Aug 23rd 2018

Unindicted Co-Conspirator again in White House: A Turning Point in American History

by Juan Cole

Juan Cole is the Richard P. Mitchell Professor of History and the director of the Center for South Asian Studies at the University of Michigan. His latest book, Engaging the Muslim World, is just out in a revised paperback edition from Palgrave Macmillan. He runs the Informed Commentwebsite.

 

Historians will mark August 21, 2018, as a turning point in American history.

President Donald Trump’s personal lawyer pleaded guilty to 8 counts of criminal wrongdoing that could carry a sentence of up to 65 years.

Most significantly, he pleaded guilty to having attempted illegally to interfere in an election “in coordination with and at the direction of a federal candidate for office.”

AFP writes,

  • “Just days before the election, Cohen paid $130,000 to porn star Stormy Daniels to keep quiet about her past with Trump.

    He also was involved in buying for $150,000 the rights to the story of Playboy model Karen McDougal about her alleged affair with Trump.

    Those actions, which involved shell companies and offshore entities controlled by Cohen, got him into legal trouble over banking, tax and campaign finance laws.

    Cohen initially said he used his own money to pay Daniels and was not reimbursed. Trump, who first denied knowing anything about the payment, has since conceded that Cohen was paid back.”

Although Cohen was involved in a crime in preventing information from surfacing relevant to the election by basically bribing eyewitnesses, Trump’s crime was not exactly the same. If you considered getting his ex-lovers to remain quiet to be a campaign expense, he would have been within his rights to spend money on it. Trump’s crime would be in not reporting it to the Federal Election Commission.

While some are arguing that neglecting to report a couple hundred thousands of dollars in campaign expenses is a relatively minor crime, that is not really true. Former presidential candidate John Edwards was prosecuted for similar payments, to his lover Rielle Hunter, and the only reason the Federal case failed was that prosecutors couldn’t prove the money was paid to keep the public from knowing about the affair, as opposed to keeping Mrs. Edwards in the dark. But given the timing of the payment to Ms. Daniels, and given the knowledge and cooperativeness of Mr. Cohen, prosecutors who brought Trump up on charges would almost certainly prevail.

Trump is, of course, unlikely to be put on trial while in the presidency. He could, however, end up being deposed, just as Bill Clinton was, and then he would either have to admit the affair and the payoff or continue to lie about them. The latter course of action, given Cohen’s own plea, would certainly be perjury.

If Democrats can take the House in November, they could launch an investigation that would throw up further evidence for Trump law-breaking, or which might tempt him to continue lying, which could become perjury if he did it in formal circumstances.

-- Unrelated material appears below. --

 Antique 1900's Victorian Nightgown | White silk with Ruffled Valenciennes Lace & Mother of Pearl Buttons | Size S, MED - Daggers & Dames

The crux may be a matter of public opinion more than legal, in the end. Above all, the likelihood that Trump’s evangelical base can go on pretending he doesn’t have serial affairs, and can go on denying the swampy corruption at the center of this administration, is low. And without that base, Trump has almost nothing.

Trump has been clever about having the people around him take the fall, a fate he likely will inflict on his own son, Don Jr., with regard to the meeting with the Russian government agent Natalia Veselnitskaya at Trump Tower in summer of 2016.

But with Cohen’s plea, for the first time someone has laid a hand on Trump himself. There are almost certainly emails or recordings to back Cohen up.

For the first time since Watergate, the president is an unindicted co-conspirator in a crime under continued investigation. Whether or not impeachment is ultimately in the offing, Trump’s crippled presidency just became a quadriplegiac and is now living on borrowed time, one way or another. And, it seems certain that when he goes out of office, he is going to prison for crimes committed in and prosecuted by New York state.